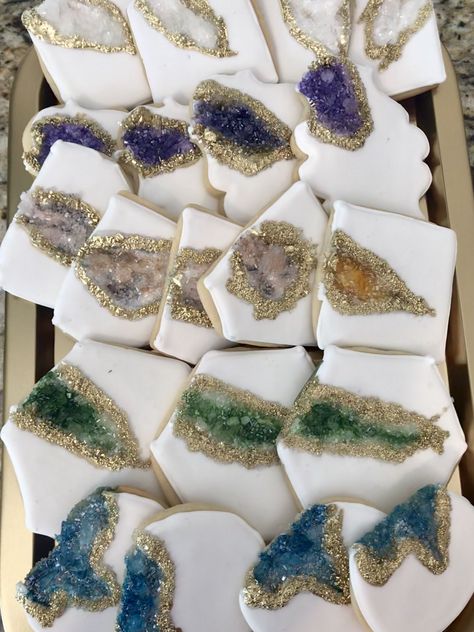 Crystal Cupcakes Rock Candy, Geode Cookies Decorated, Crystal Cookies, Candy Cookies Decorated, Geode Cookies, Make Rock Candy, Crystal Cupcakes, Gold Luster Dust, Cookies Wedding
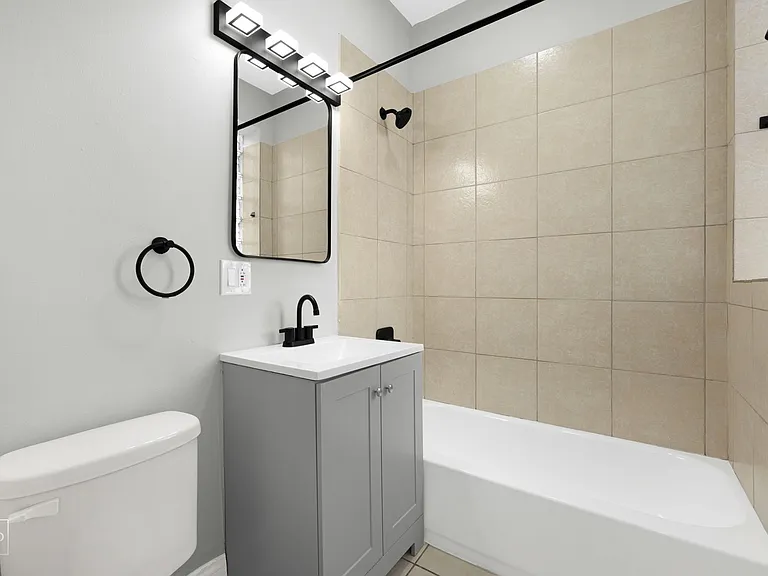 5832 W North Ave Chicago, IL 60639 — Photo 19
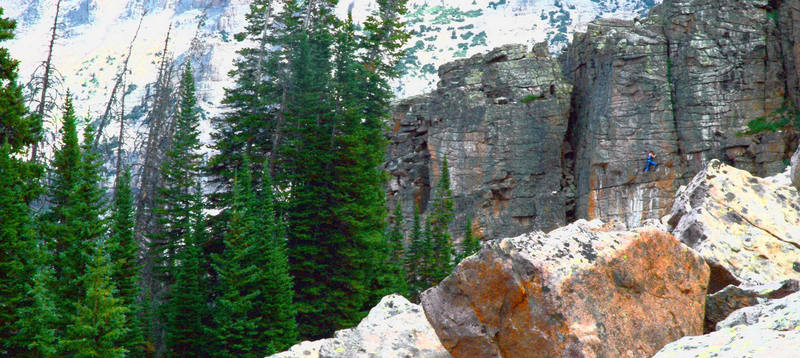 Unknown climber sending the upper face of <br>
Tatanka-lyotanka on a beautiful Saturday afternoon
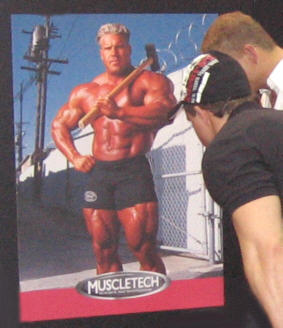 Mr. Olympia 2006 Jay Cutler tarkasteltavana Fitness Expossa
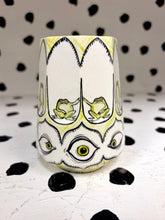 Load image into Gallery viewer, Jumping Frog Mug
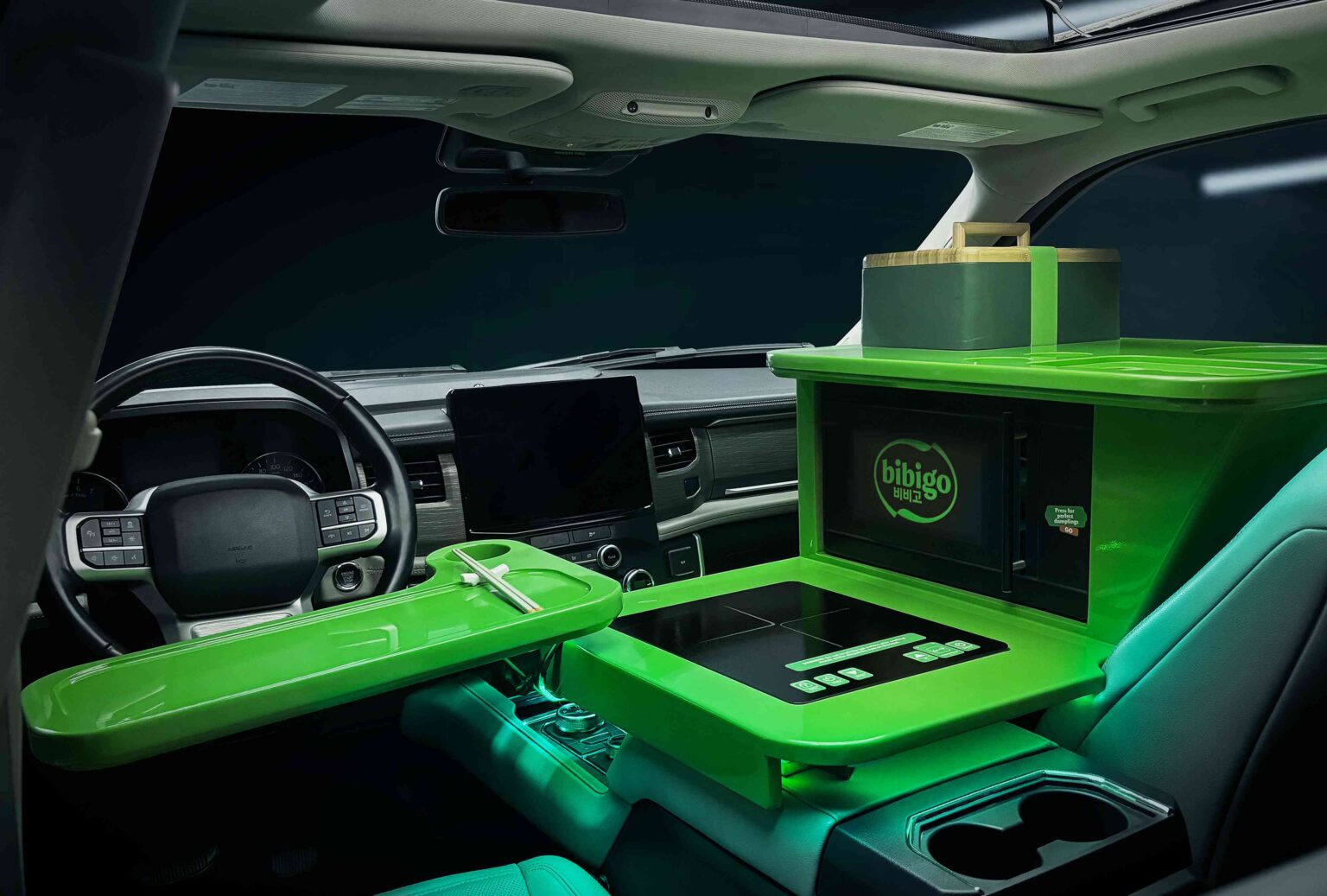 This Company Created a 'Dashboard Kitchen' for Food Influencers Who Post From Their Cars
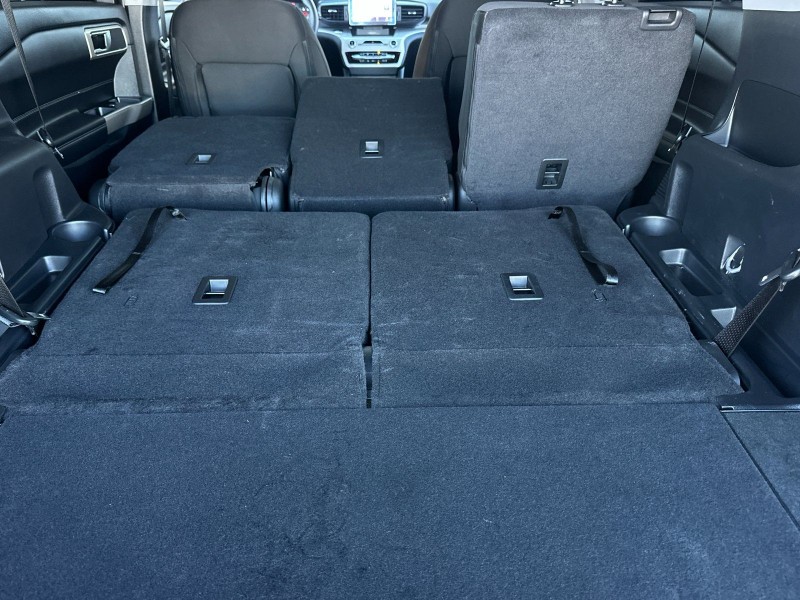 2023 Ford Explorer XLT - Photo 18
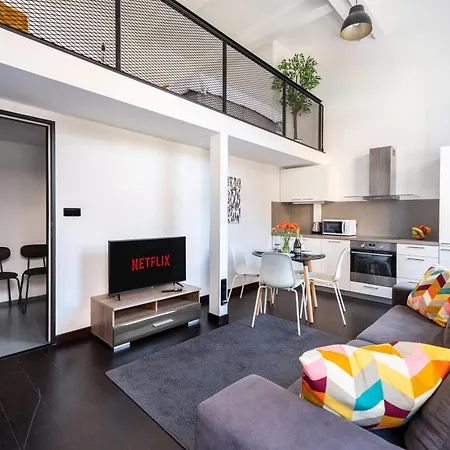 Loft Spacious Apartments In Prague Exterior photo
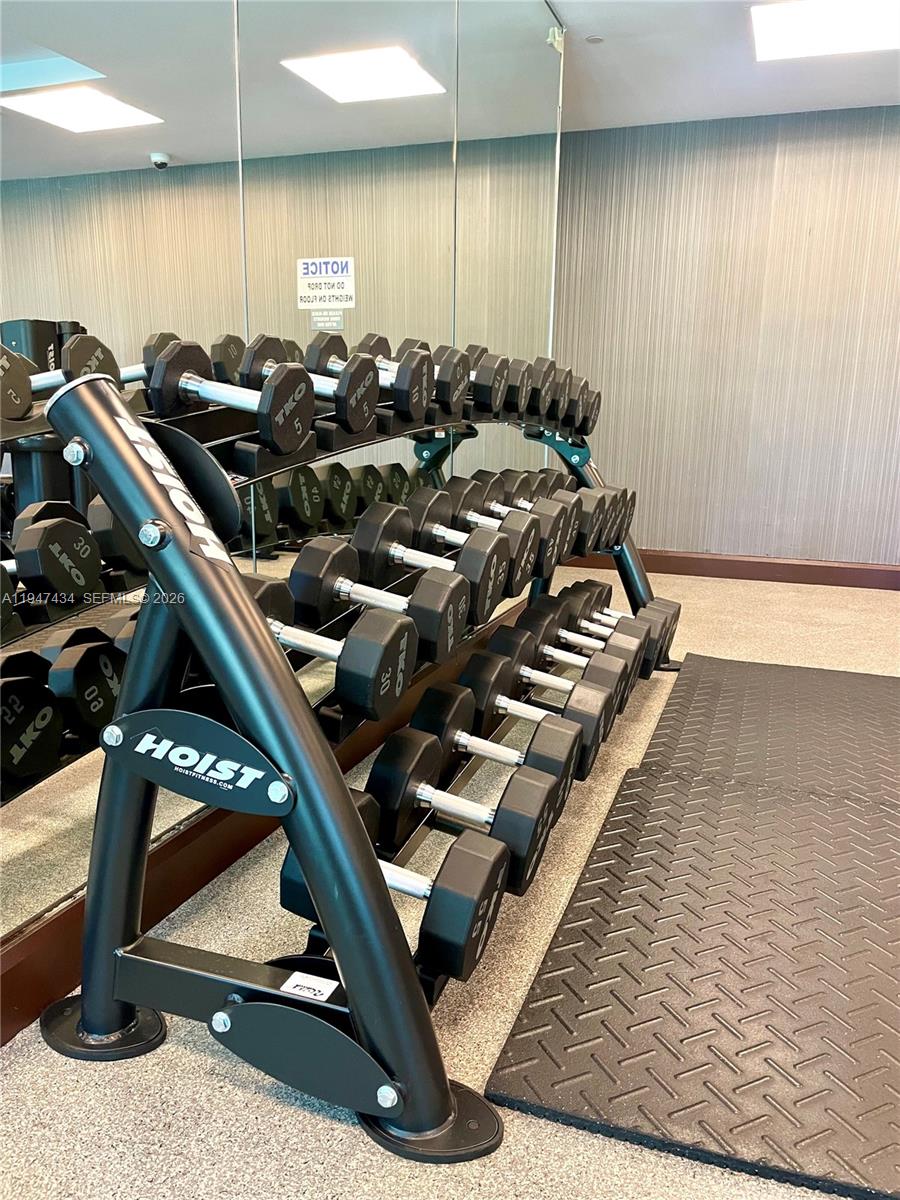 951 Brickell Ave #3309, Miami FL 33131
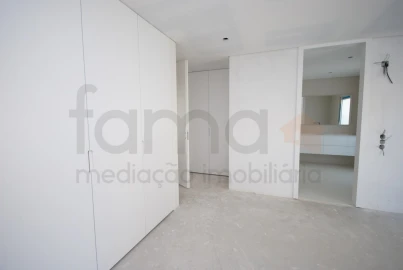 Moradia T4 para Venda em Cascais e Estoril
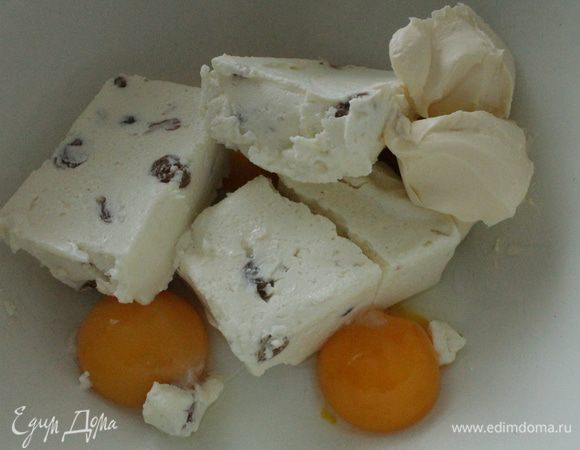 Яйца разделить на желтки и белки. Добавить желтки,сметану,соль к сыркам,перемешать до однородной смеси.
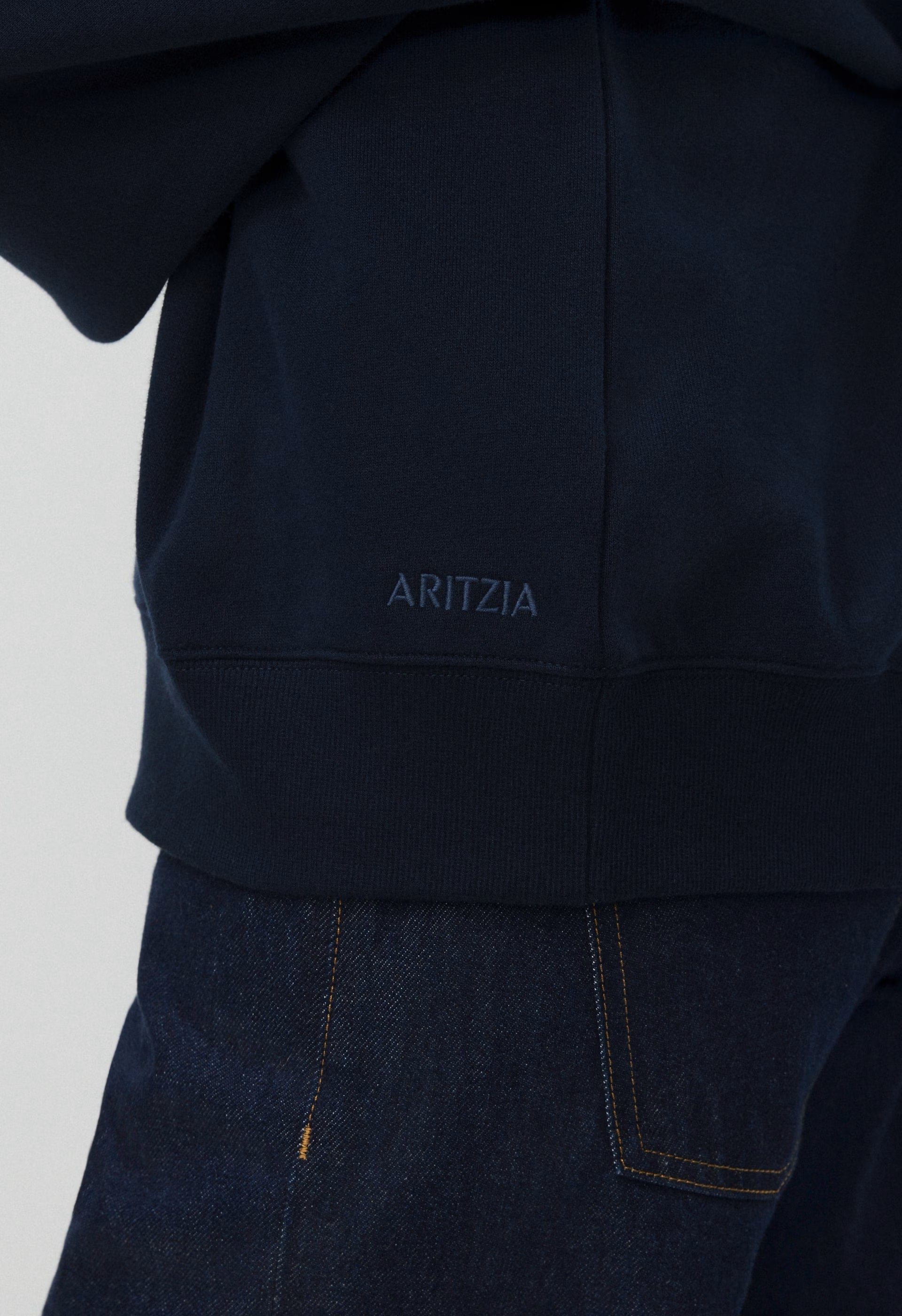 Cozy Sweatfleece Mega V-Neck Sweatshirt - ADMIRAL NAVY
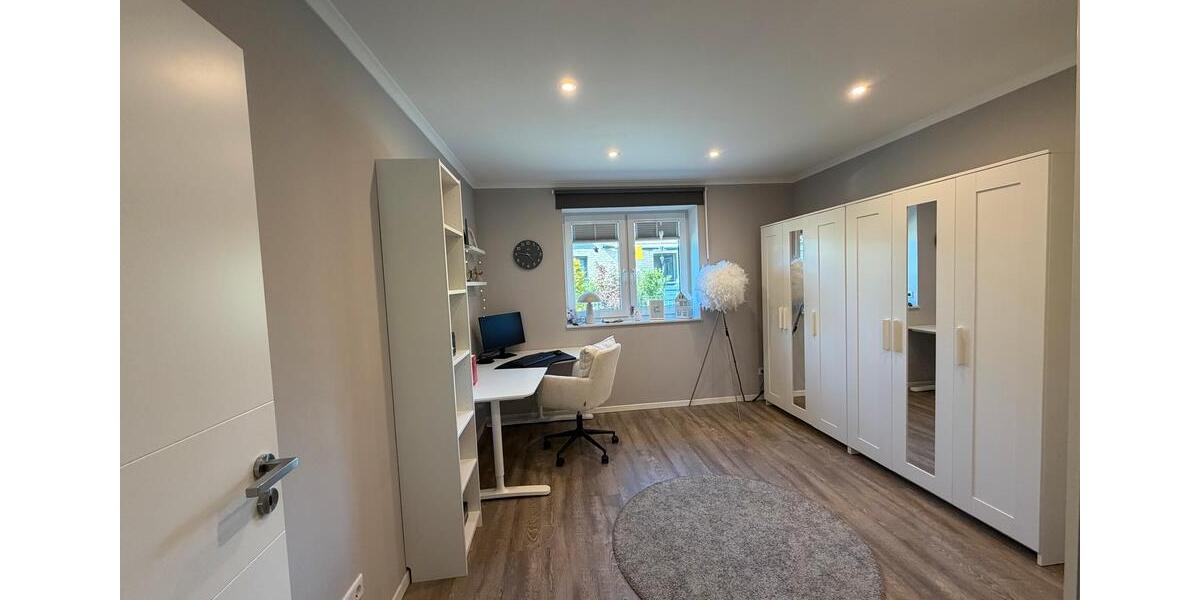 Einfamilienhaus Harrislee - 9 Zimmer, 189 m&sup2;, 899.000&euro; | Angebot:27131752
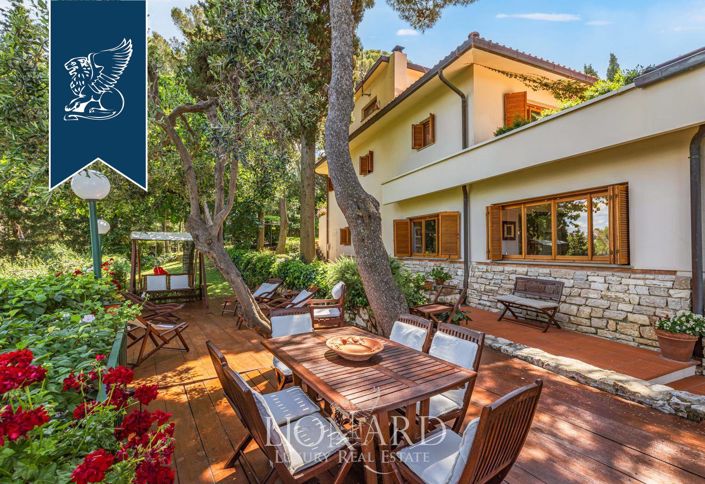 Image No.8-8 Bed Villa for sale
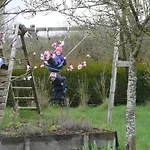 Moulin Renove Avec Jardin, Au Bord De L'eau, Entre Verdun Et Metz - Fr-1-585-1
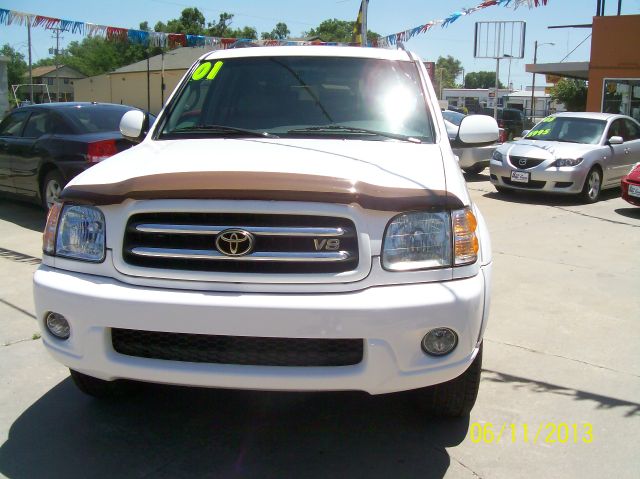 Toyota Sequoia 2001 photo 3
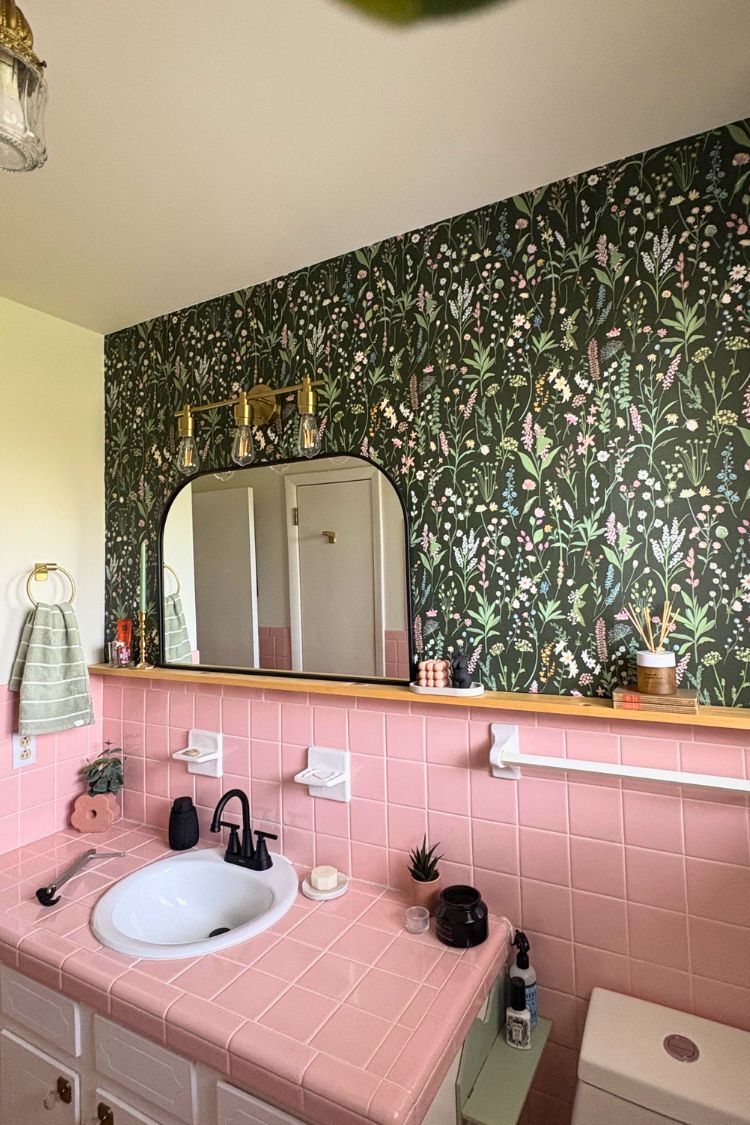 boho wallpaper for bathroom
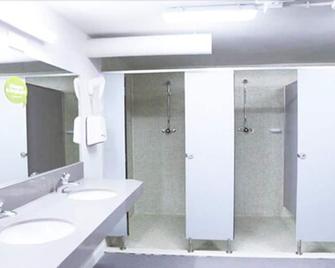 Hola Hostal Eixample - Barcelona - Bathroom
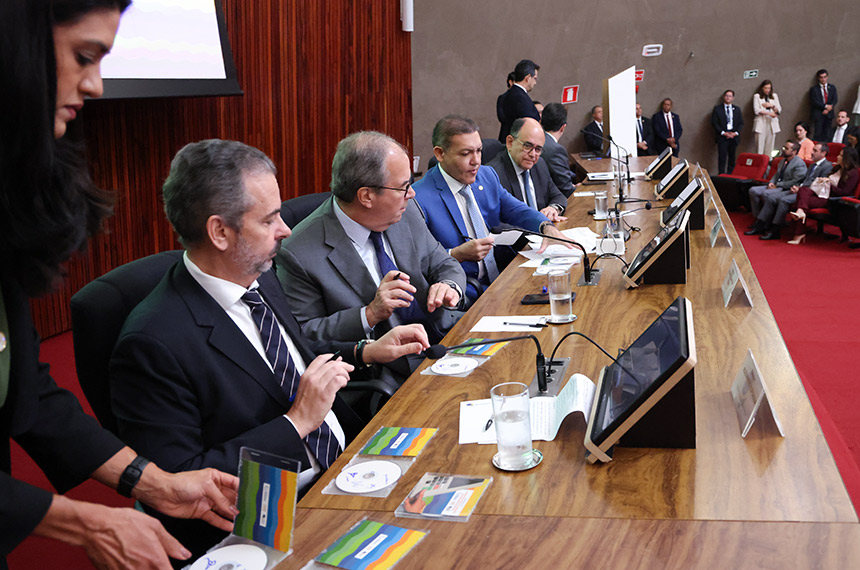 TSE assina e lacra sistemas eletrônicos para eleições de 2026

Aim of the task:
In the listing above, find the line with "5832 W North" and the line with "This Company Created". Copy exactly those two and every line between, without the pictures.

Task result:
 5832 W North Ave Chicago, IL 60639 — Photo 19
 Unknown climber sending the upper face of <br>
Tatanka-lyotanka on a beautiful Saturday afternoon
 Mr. Olympia 2006 Jay Cutler tarkasteltavana Fitness Expossa
 Load image into Gallery viewer, Jumping Frog Mug
 This Company Created a 'Dashboard Kitchen' for Food Influencers Who Post From Their Cars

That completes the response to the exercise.